[Opening Data under study section]
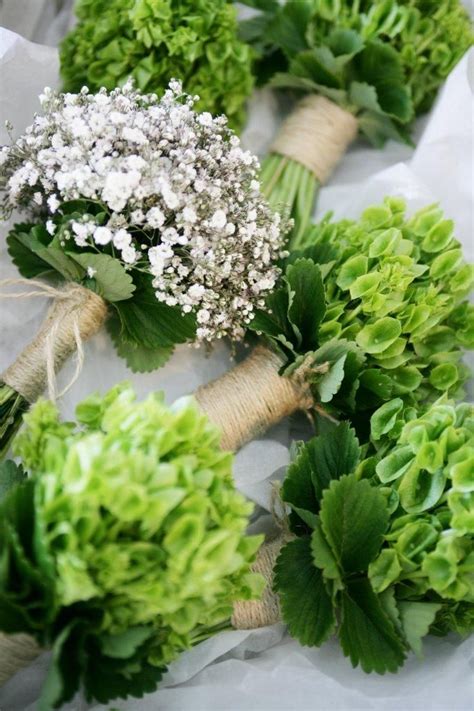 Asides from their practical affordability and beauty, these blooms have a long growing season and so they are available many times of the year. Pin on Wedding Bouquets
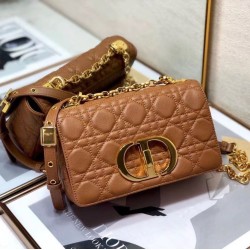 Sito Replica Christian Dior Piccola Borsa Caro Cannage Pelle Di Vitello Marrone imitazioni Miglior Prezzo Christian Dior Piccola Borsa Caro Cannage Pelle Di Vitello Marrone Replica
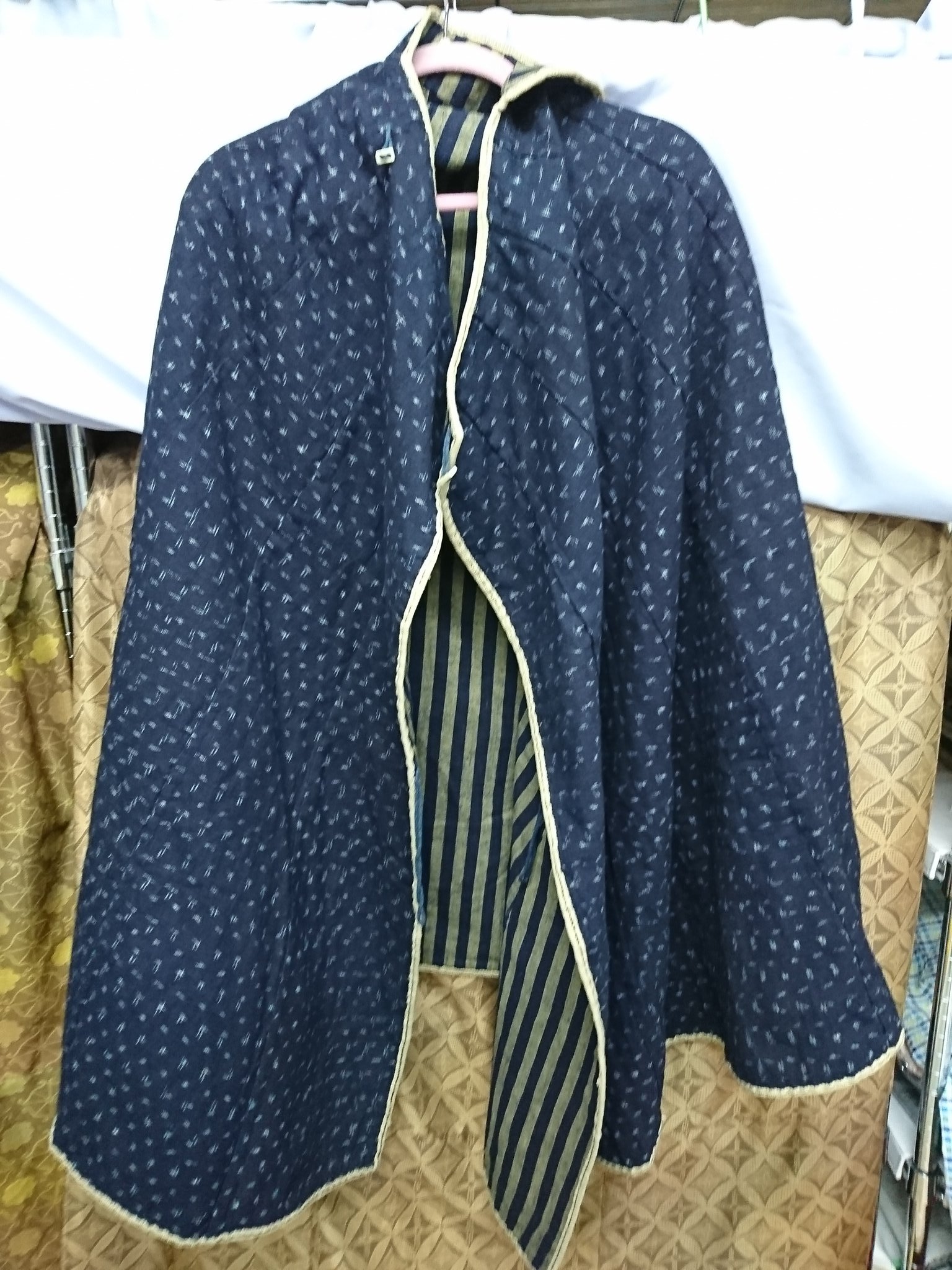 着物 着楽堂 道中合羽 木綿の古い合羽です 絣の良い木綿を使いました古いものですがしっかりとしています どなたが着ますか T Co N1vdwfo7ph Twitter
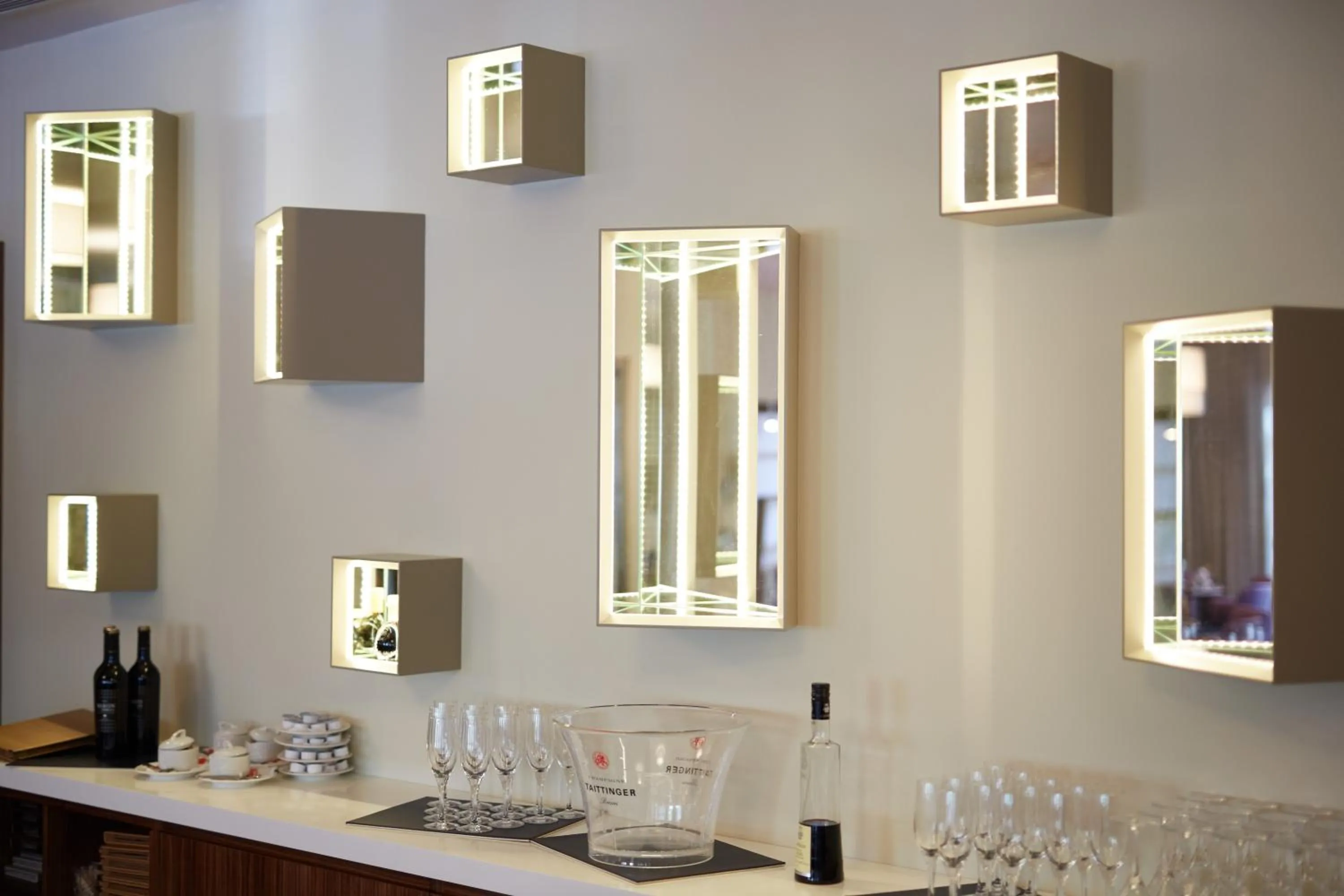 Restaurant/places to eat in Threeland Hotel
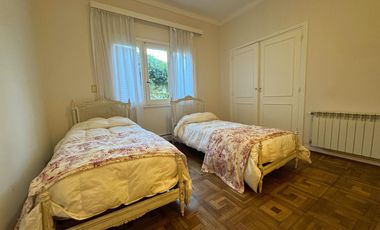 VENTA IMPORTANTE CASA BARRIO STELLA MARIS Mar del Plata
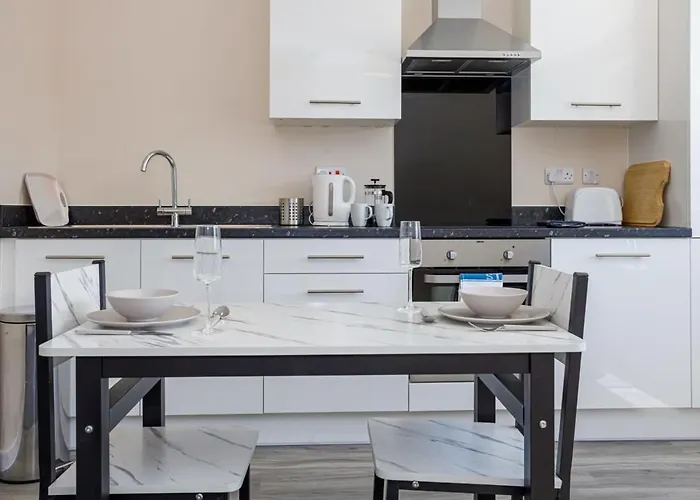 1 Bed With Wifi - Sleeps 3 *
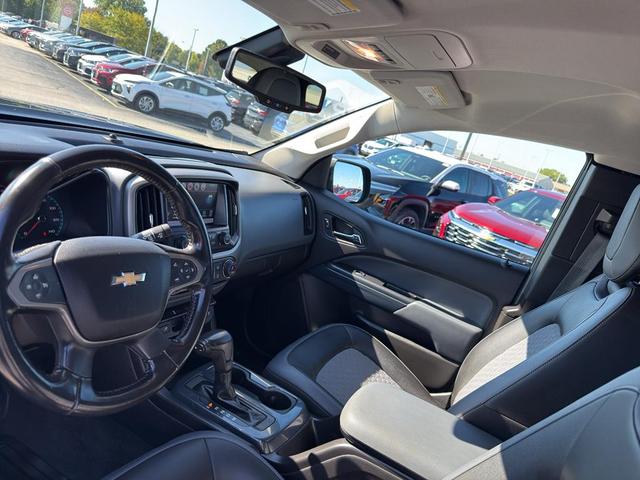Photo of 2016 Black Chevrolet Colorado
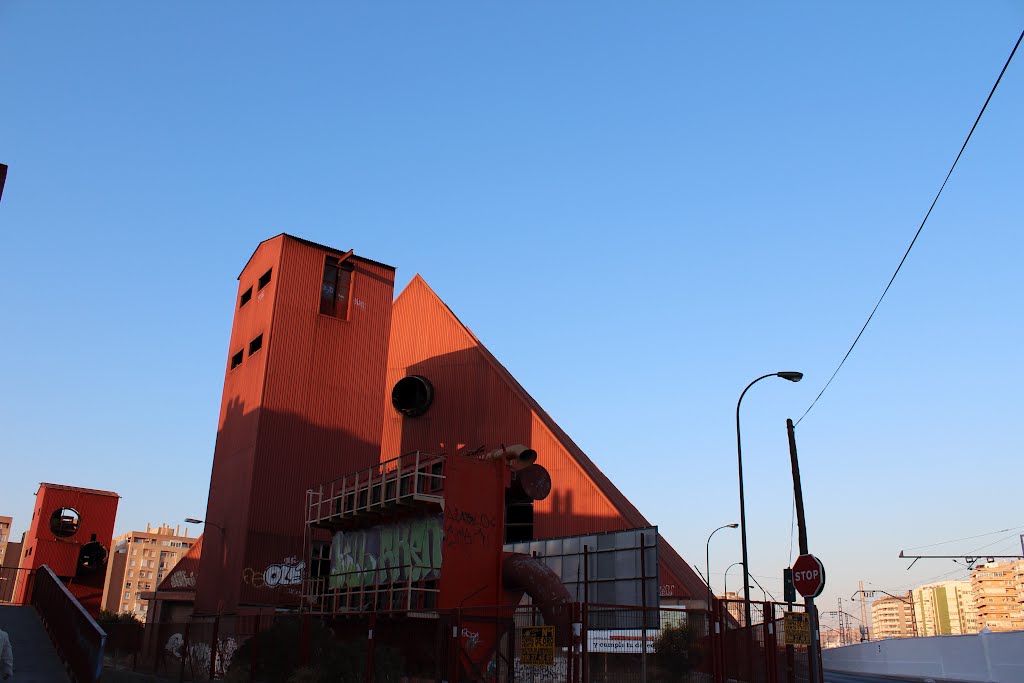 El Toblerone más grande del mundo (200m) en Almería by José Angel, delapeca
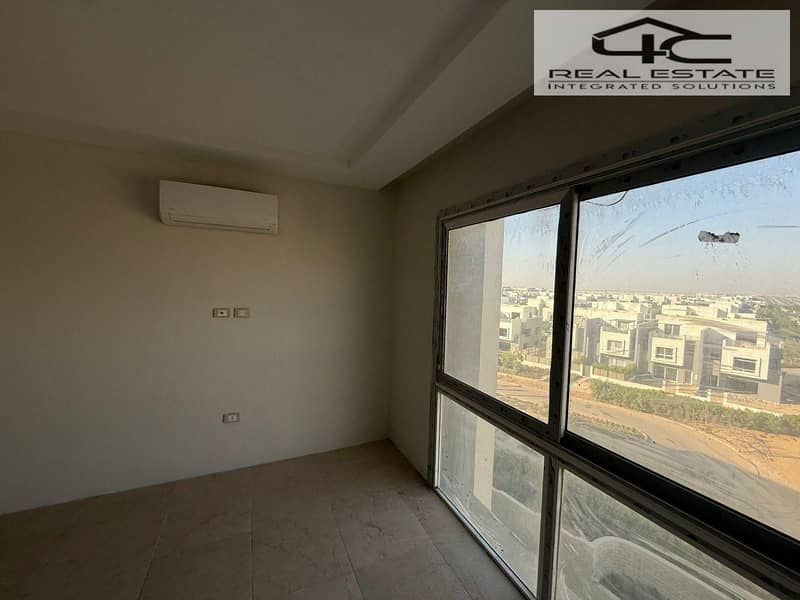 9 WhatsApp Image 2025-12-08 at 13.28. 40. jpeg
[Closing Data under study section]
Although the records contain pictures, print only the rest, exactly as written.

 Asides from their practical affordability and beauty, these blooms have a long growing season and so they are available many times of the year. Pin on Wedding Bouquets
 Sito Replica Christian Dior Piccola Borsa Caro Cannage Pelle Di Vitello Marrone imitazioni Miglior Prezzo Christian Dior Piccola Borsa Caro Cannage Pelle Di Vitello Marrone Replica
 着物 着楽堂 道中合羽 木綿の古い合羽です 絣の良い木綿を使いました古いものですがしっかりとしています どなたが着ますか T Co N1vdwfo7ph Twitter
 Restaurant/places to eat in Threeland Hotel
 VENTA IMPORTANTE CASA BARRIO STELLA MARIS Mar del Plata
 1 Bed With Wifi - Sleeps 3 *
Photo of 2016 Black Chevrolet Colorado
 El Toblerone más grande del mundo (200m) en Almería by José Angel, delapeca
 9 WhatsApp Image 2025-12-08 at 13.28. 40. jpeg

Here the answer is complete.